Agents¶
All agents are subagents dispatched via the Agent tool from the main session. They run with isolated context — each agent sees only the artifacts passed to it.
ml-critic¶
Role: Adversarial critic — finds flaws the PoC hasn't tested.
Dispatched by: /ml-lab skill at Step 3.
- Debate mode: dispatched once (Stage A.1)
- Ensemble mode: dispatched 3 times independently with no cross-visibility
Persona: Skeptical ML engineer with an applied mathematics background.
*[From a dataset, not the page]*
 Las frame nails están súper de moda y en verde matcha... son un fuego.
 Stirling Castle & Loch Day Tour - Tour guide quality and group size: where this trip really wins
Looks for fundamental flaws in the proof-of-concept.
Modes:
| Mode | When | Input |
|---|---|---|
| Initial critique (Step 3) | First review cycle | PoC code + hypothesis |
| Debate rounds (Step 5) | Open-ended debate | Prior exchange history |
| Evidence-informed re-critique | Macro-iteration cycles 2+ | Prior critique + experimental results |
Output: CRITIQUE.md (debate) or CRITIQUE_{1,2,3}.md (ensemble) with severity-tagged findings (FATAL, MATERIAL, MINOR).
ml-critic-r2¶
Role: R2 challenger — issues ACCEPT/CHALLENGE/PARTIAL verdicts on defender rebuttals.
Dispatched by: /ml-lab skill at Step 3, Stage B only (debate mode).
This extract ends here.